Voici le trio de tête de la Blue Origin Mission, un équipage entièrement féminin qui a décollé dans l'ouest du Texas, à environ 100 kilomètres d’altitude, à bord d'une fusée, avant un retour rassurant à la terre ferme ce 14 avril 2025, abondamment commenté dans les médias et sur les réseaux sociaux.
Escale spatiale spectaculaire effectuée en compagnie d'une spécialiste des fusées (Aisha Bowe) naturellement, d'une chercheuse en bioastronautique (Amanda Nguyen) et même, ce qui n'a pas grand chose à voir on en conviendra... d'une productrice de cinéma (Kerianne Flynn).

Décoller pour l'espace, moyennant finances. Ca, c'est ces dernières années l'un des rêves sacrés des milliardaires et multi-milliardaires d'aujourd'hui. Explorer les confins des étoiles pour le plaisir, en embarquant au passage une popstar légèrement has been afin de susciter l'émoi people, d'accord... mais à quel prix ? C'est ce dont s'offusquent globalement les internautes, pas vraiment fan de cette idée que l'on nous vend... Comme du féminisme !
C'est la bonne blague de la semaine.
Qui dit équipage entièrement féminin dit féminisme.

Enfin, c'est ce que les instigateurs de cette "Blue Mission" s'exercent à défendre dur comme fer, rappelant que l'on a avait pas vu un équipage exclusivement féminin s'envoler pour l'espace depuis un demi siècle. Cet événement très médiatisé a même donné lieu à quelques images soi disant "empouvoirantes", comme celle de Katy Perry embrassant le sol, enfin parvenue à retrouver le sable terrestre, suite à son expédition aller-retour de 11 minutes, se réjouissant : "le plus important, c’est de créer de l’espace pour les prochaines femmes, montrer que les femmes doivent occuper l’espace".
Ou cette déclaration de sa coéquipière Gayle King : "Imaginez les réactions des jeunes femmes face à ce que cela représente !".
Les internautes, eux, imaginent des choses beaucoup plus pragmatiques : le coût écologique d'une telle excentricité. Florilège du côté du média Brut : "Le monde marche sur la tête", "Les riches se font plaisir", "Katy Perry devient l'égérie de la pollution", "Ou comment aller à l'encontre du bon sens climatique", peut-on lire. Des fans de Katy Perry s'en attristent.

Mais ce n'est pas tout...
Le média écolo VERT délivre un verdict sans appel : "On estime à 24 tonnes la quantité de carburant nécessaire pour lancer la fusée. La quantité de CO2 émise à chaque lancement s’élève à 93 tonnes. Si l’on divise ce total par le nombre de passagères dans la capsule ce lundi – c’est-à-dire six –, chacune d’entre elles serait responsable de l’émission de 15,5 tonnes de CO2. Soit l’équivalent de ce qu’émet un·e Français·e en… un an et demi".

Ca fait mal, non ?
On peine à comprendre la valeur "féministe" d'un projet qui va complètement à l'encontre de la lutte pour le respect de l'environnement. Un combat qui a toujours fait partie des mobilisations pour les droits des femmes. L'écoféminisme, notamment, démontre largement l'étroite relation entre le respect de la planète, et celui des femmes.
Les féministes, oui, mais pas forcément Katy Perry.

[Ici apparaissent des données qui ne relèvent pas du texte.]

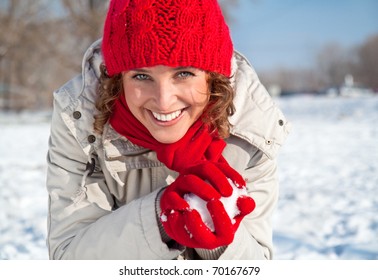 Happy Young Woman Playing Snowball Fight On The Snow Sunny Day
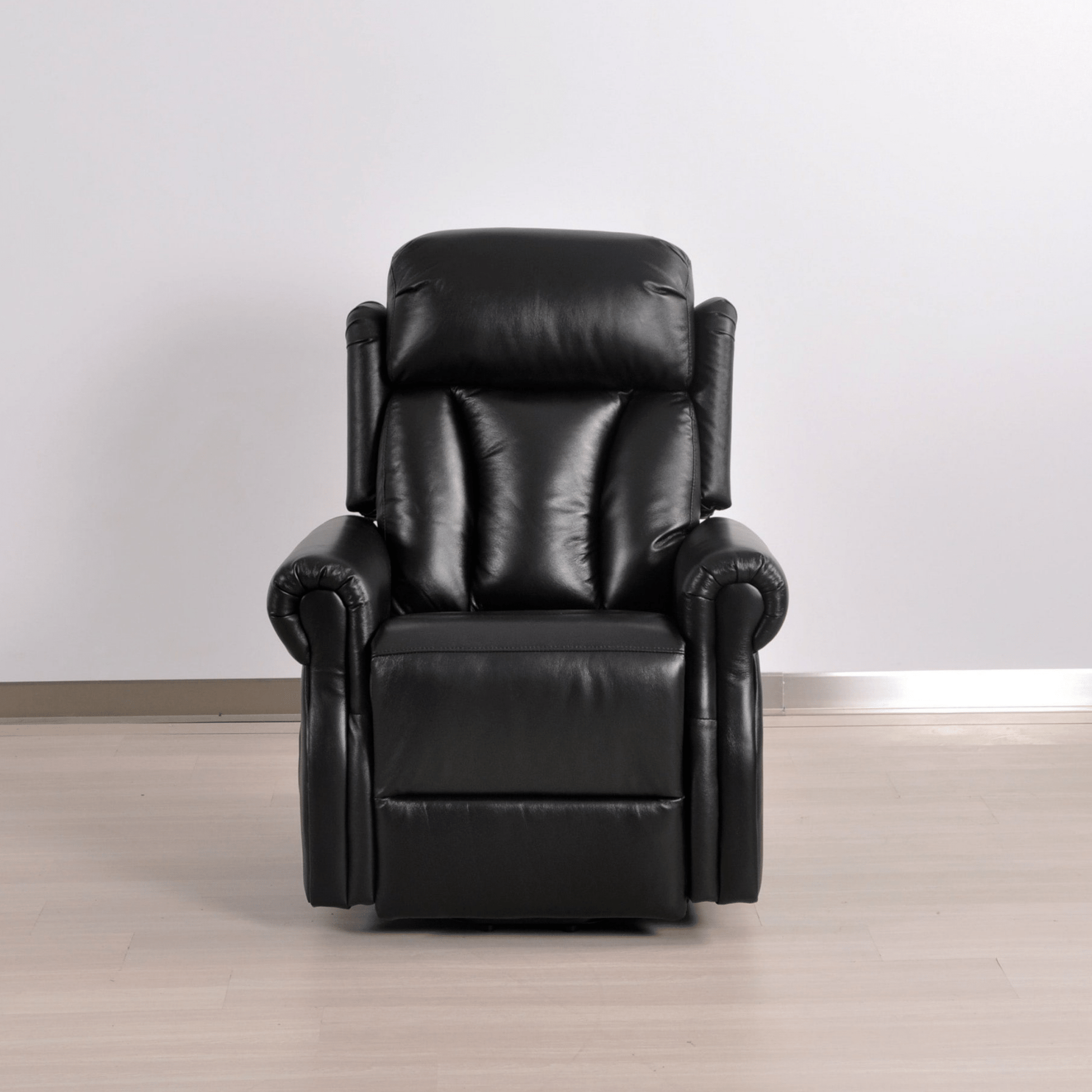 Black leather recliner chair on a wooden floor with a white wall background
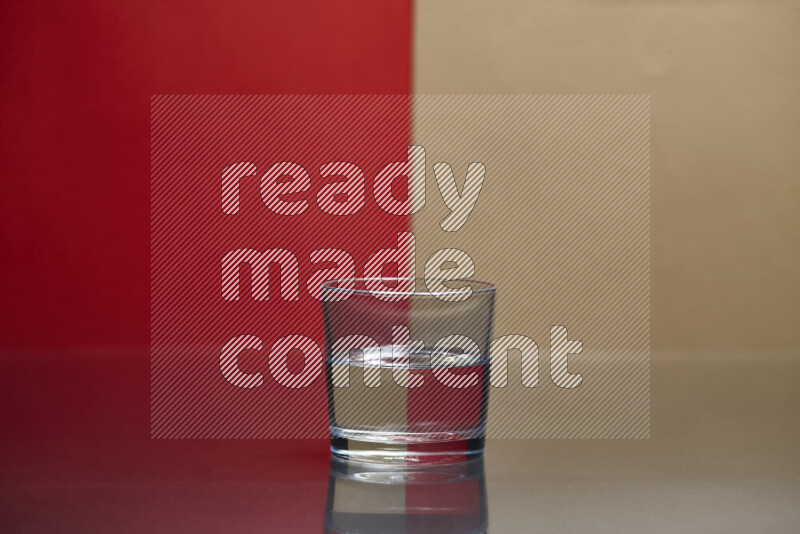 The image features a clear glassware filled with water, set against red and beige background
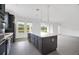 Well-equipped kitchen with stainless steel appliances, gray cabinets, a center island, and plenty of natural light at 12863 Harvest Rain Ave, Winter Garden, FL 34787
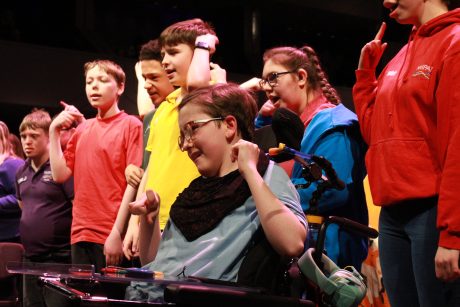 A group of young people from Y-Not Arts wearing colourful clothes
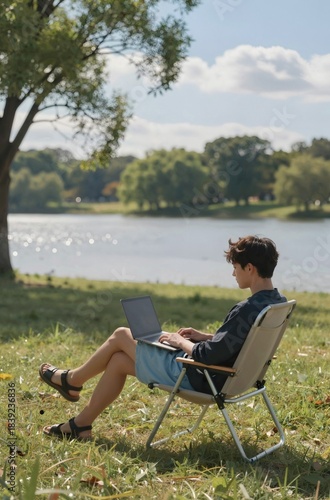man sitting on a bench with a laptop
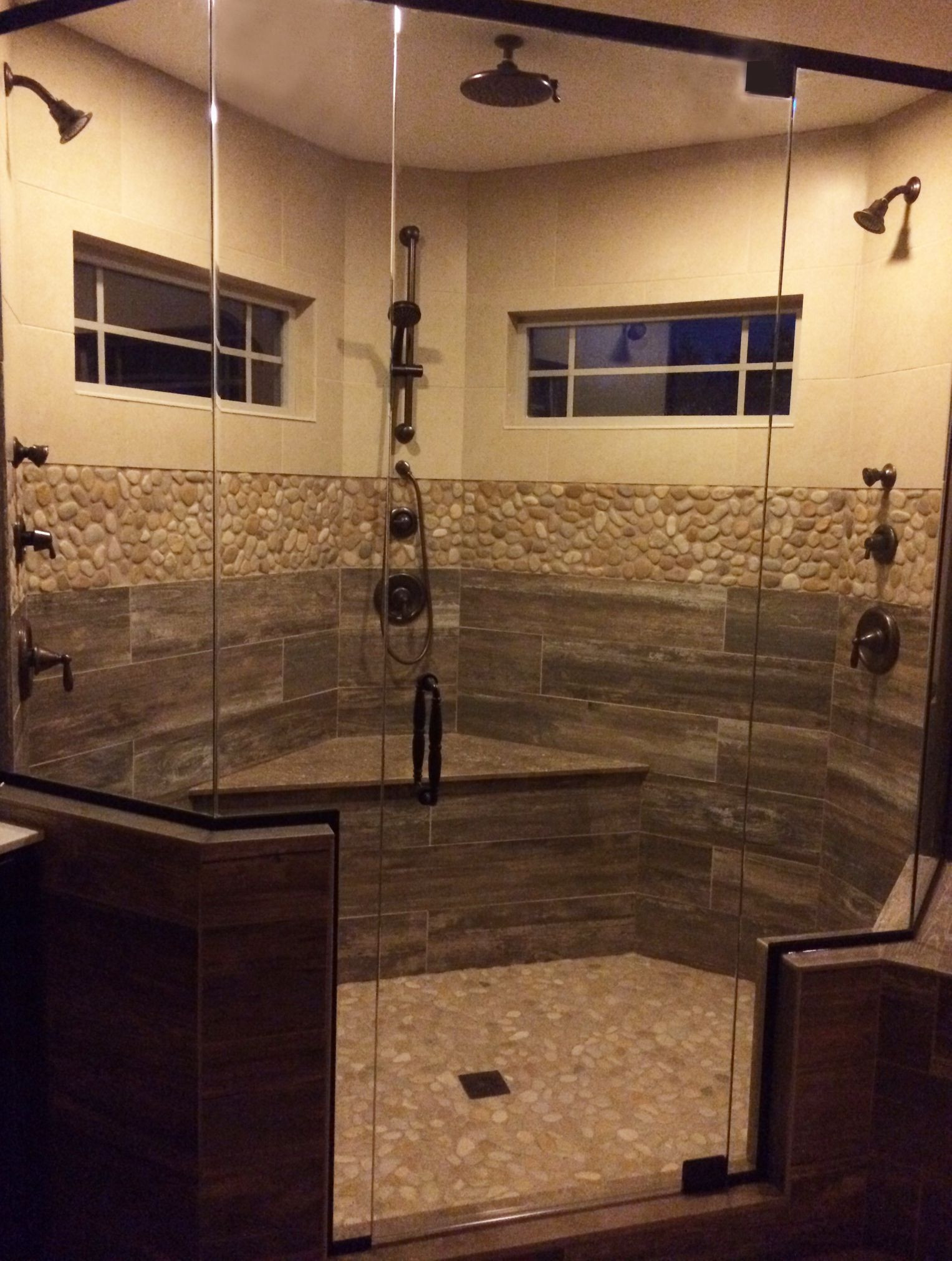 Wood Tile Bathroom Shower
 Finished Shower Remodel Faux wood plank tile river rock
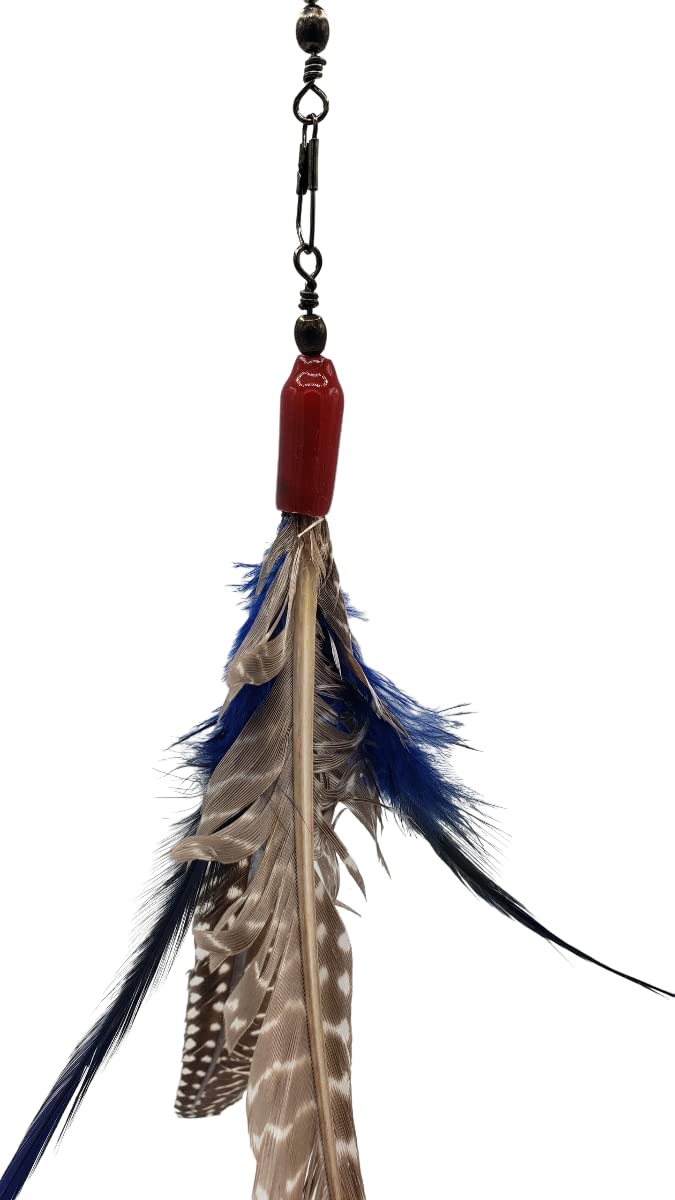 Pluma de guinea real para estimular la caza y la curiosidad.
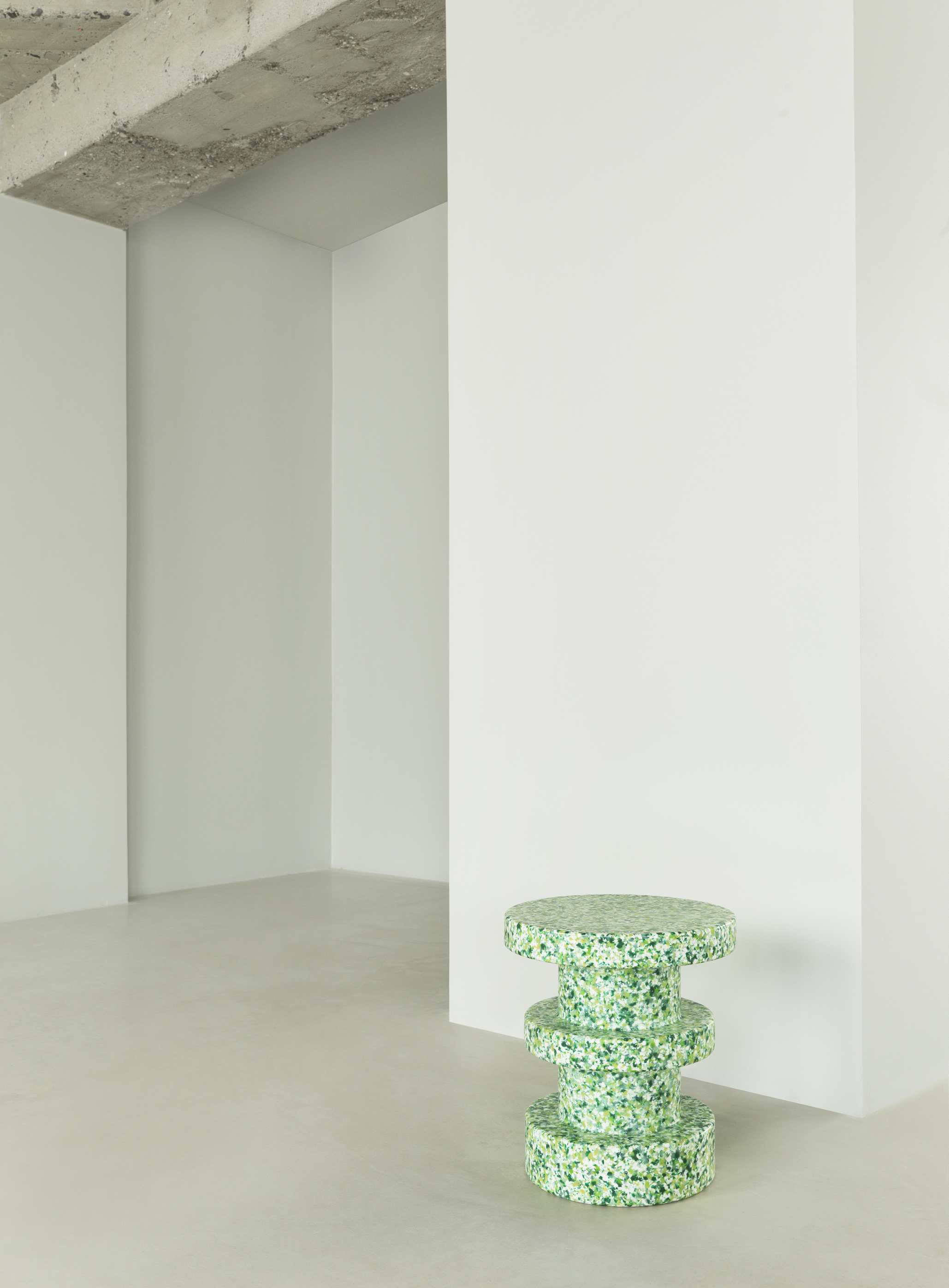 Normann Copenhagen Bit Stool Stack Hocker in Grün-Weiß gesprenkelt vor weißer Wand und Betonboden.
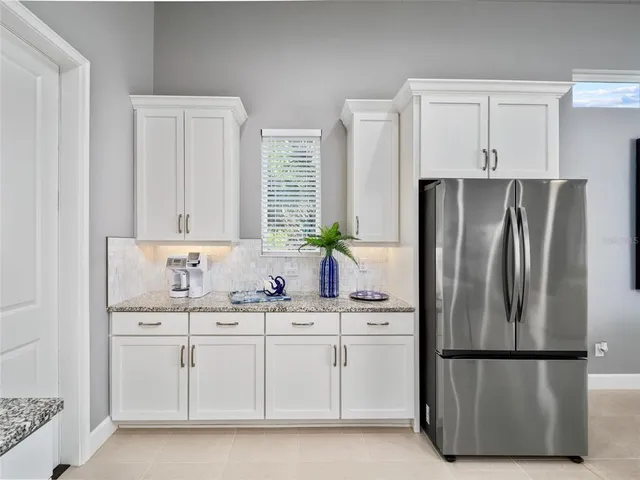 a kitchen with stainless steel appliances a refrigerator sink and cabinets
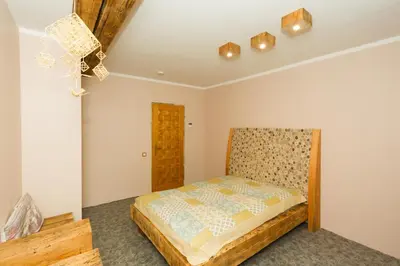 a bedroom with a bed in a room at Kernavės centras in Kernavė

"Ce n’est pas parce qu’on est une femme qu’on a le droit de dégrader l’environnement", fustige à VERT Emmanuelle Rio, enseignante-chercheuse en physique à l’Université Paris-Saclay. Précisant : "Les femmes ont toute leur place dans la construction d’un monde qui ne court pas à sa perte".
Du projet émane aussi une ambition délicatement capitaliste qui "tease" volontiers les nombreuses escales spatiales auxquelles l'on peut s'attendre dans les années à venir, avec l'expansion et la banalisation d'une velléité de "colonisation" (un terme malheureux mais employé sans complexes par bien des "entrepreneurs").
Il semble en tout cas bien loin le temps où Katy Perry préférait s'adresser à ceux que ce système patriarcal - bien que soucieux de proposer du "feminism washing" : opportuniste et factice - malmène, comme la communauté LGBTQ.